• [Your task] Go to the line with "Female fortune teller" in the records below, then output it and each following line exactly, up to and including the line with "Portrait of smiling". Skip pictures and add nothing.

• [Extracted records]
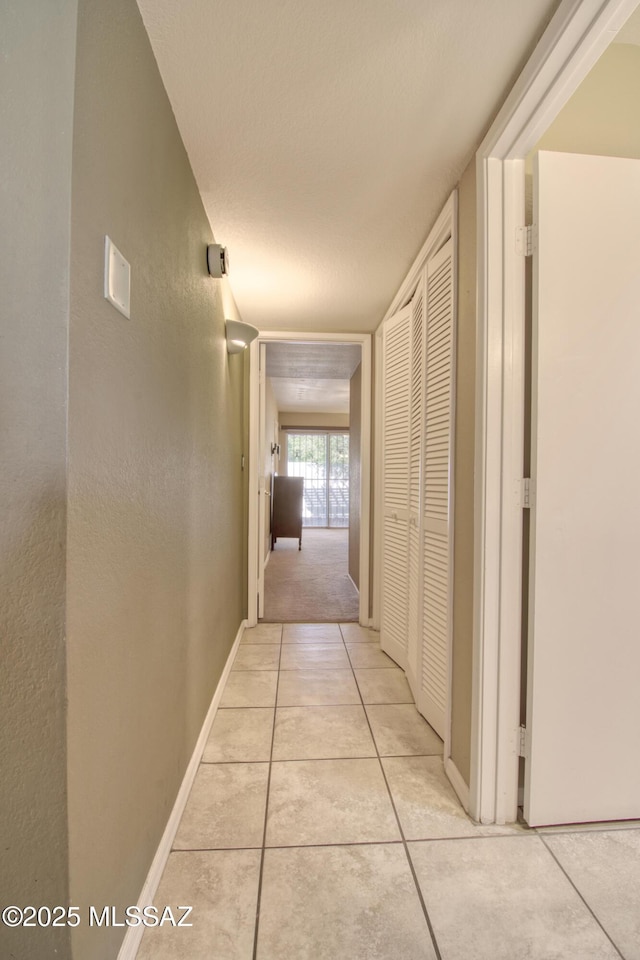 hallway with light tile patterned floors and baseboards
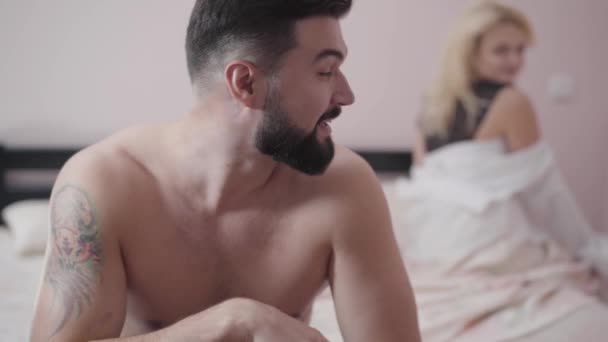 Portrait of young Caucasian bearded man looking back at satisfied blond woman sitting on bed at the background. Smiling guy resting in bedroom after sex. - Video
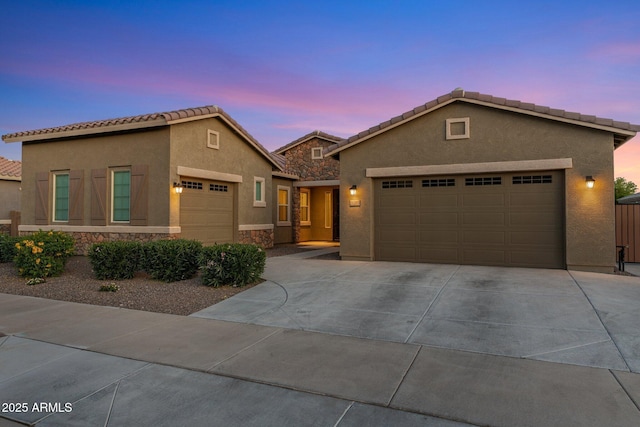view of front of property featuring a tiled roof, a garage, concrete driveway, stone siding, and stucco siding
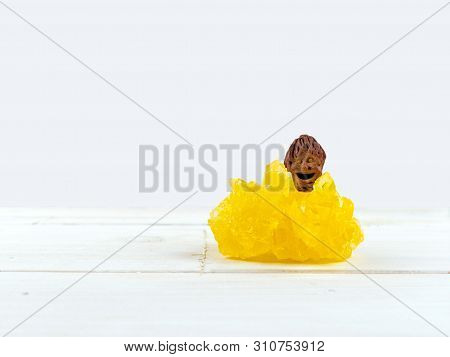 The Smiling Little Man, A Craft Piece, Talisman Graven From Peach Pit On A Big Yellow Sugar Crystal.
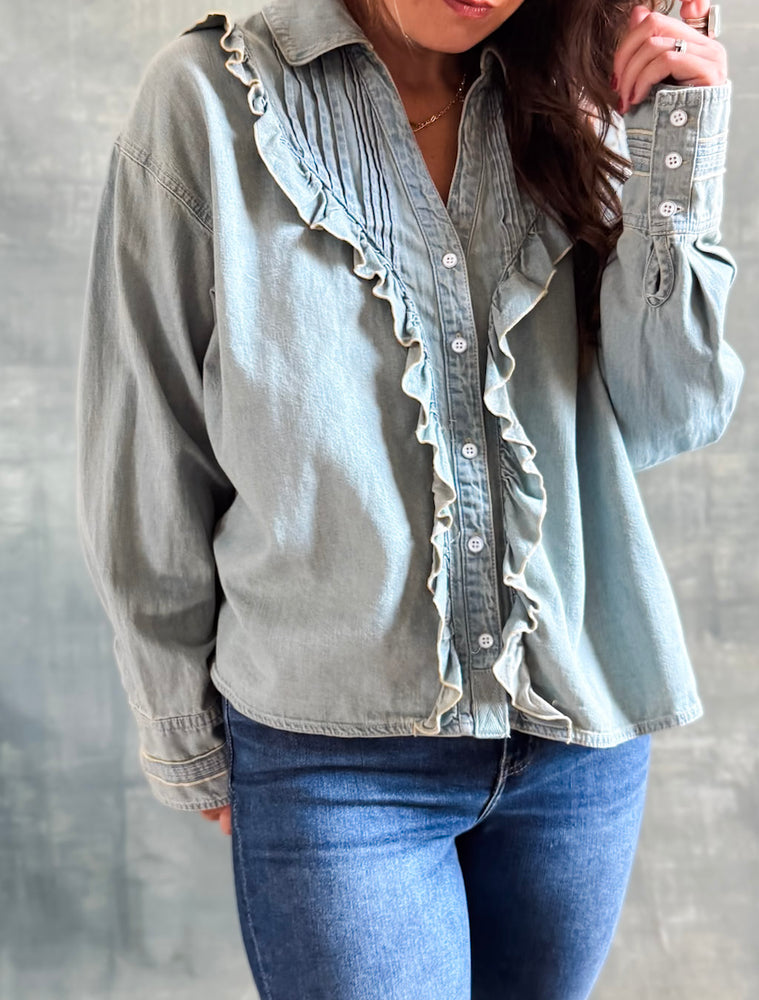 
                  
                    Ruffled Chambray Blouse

* * *

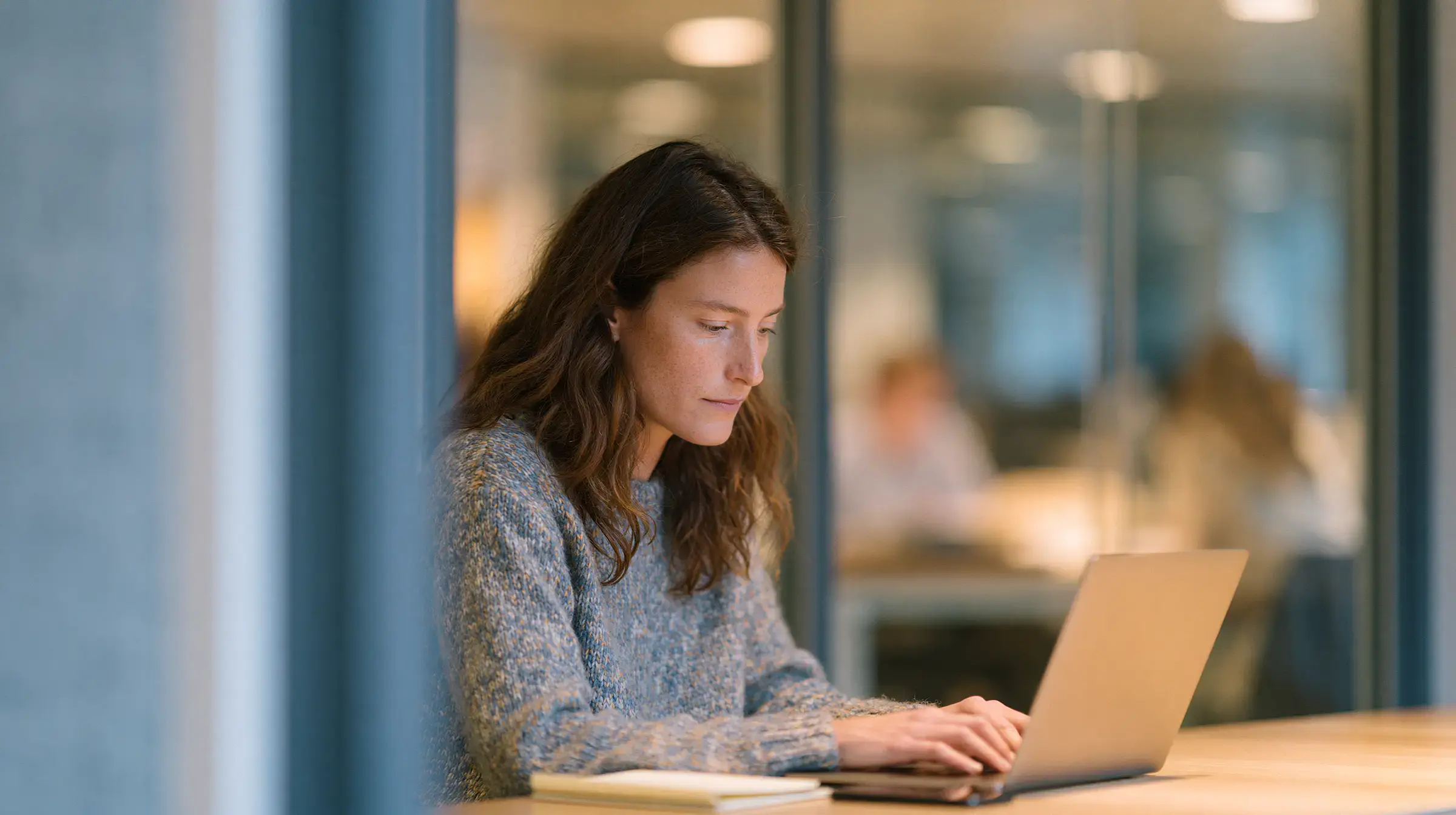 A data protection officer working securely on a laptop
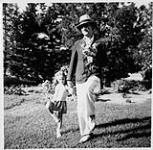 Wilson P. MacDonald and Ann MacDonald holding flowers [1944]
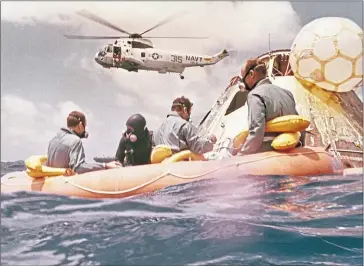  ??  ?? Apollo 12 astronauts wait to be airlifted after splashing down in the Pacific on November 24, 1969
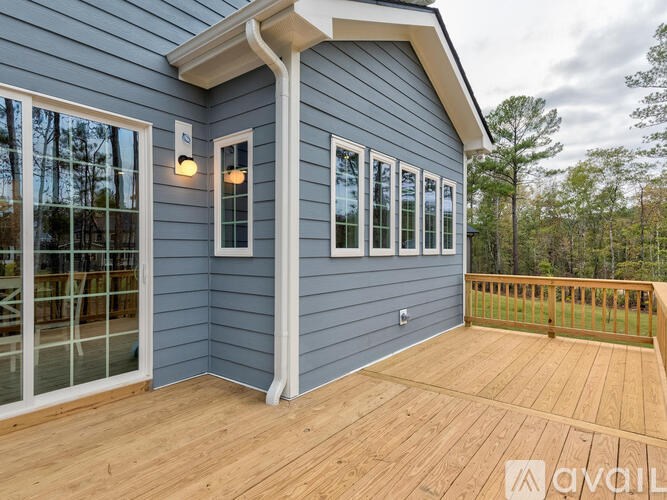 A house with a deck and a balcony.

---

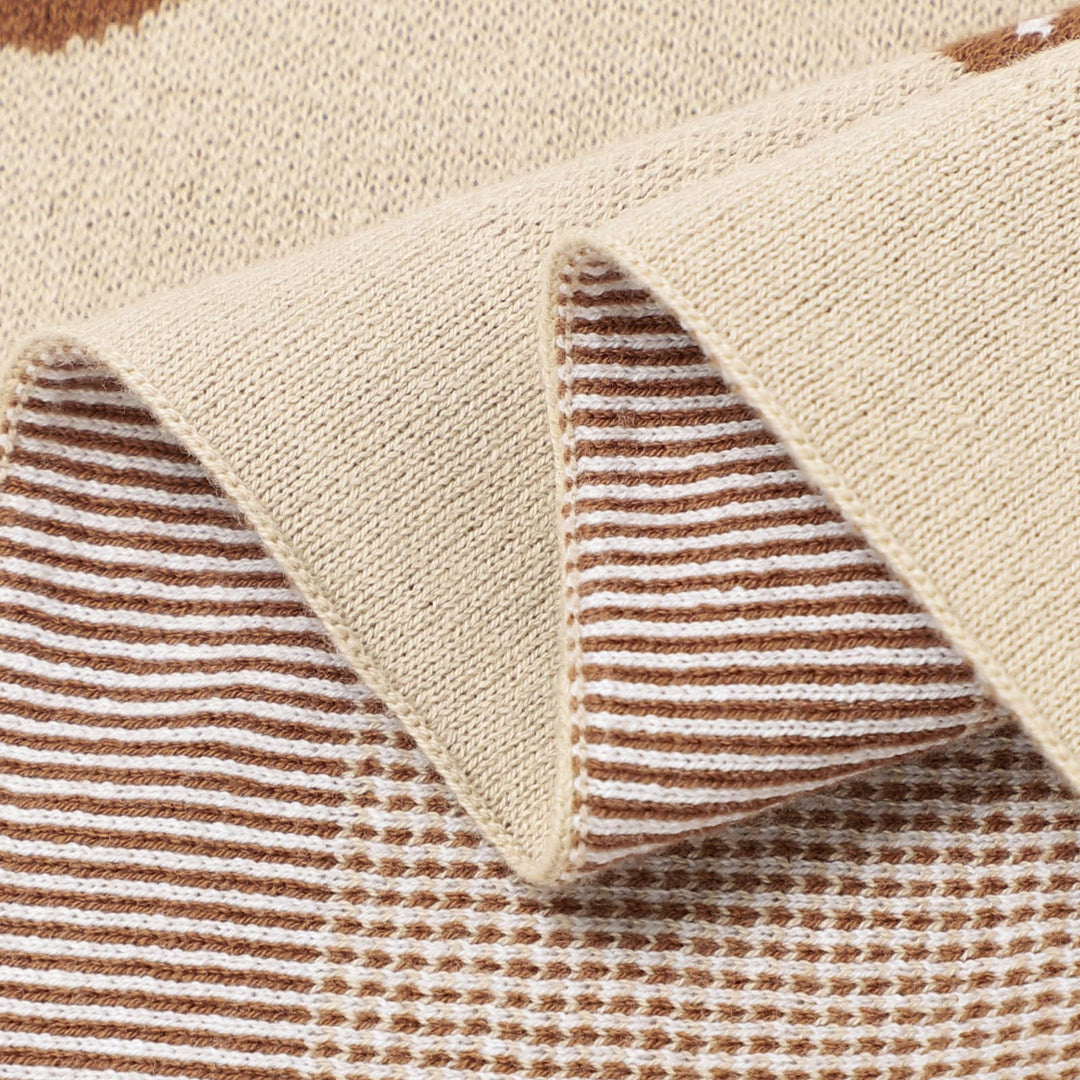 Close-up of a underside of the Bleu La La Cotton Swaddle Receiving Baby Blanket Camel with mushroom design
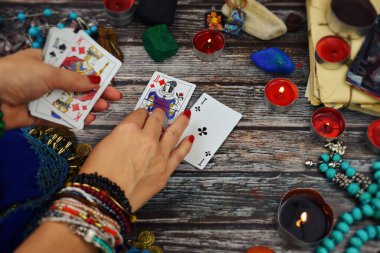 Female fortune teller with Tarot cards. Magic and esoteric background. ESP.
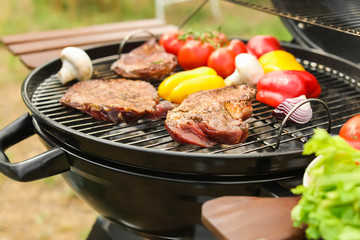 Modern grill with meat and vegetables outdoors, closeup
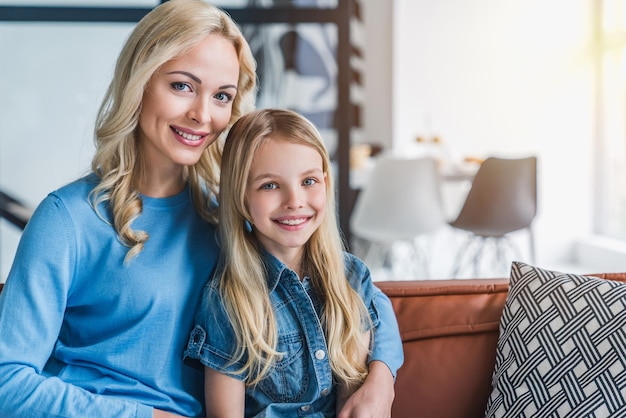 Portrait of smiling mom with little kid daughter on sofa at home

• [Task output]
 Female fortune teller with Tarot cards. Magic and esoteric background. ESP.
 Modern grill with meat and vegetables outdoors, closeup
 Portrait of smiling mom with little kid daughter on sofa at home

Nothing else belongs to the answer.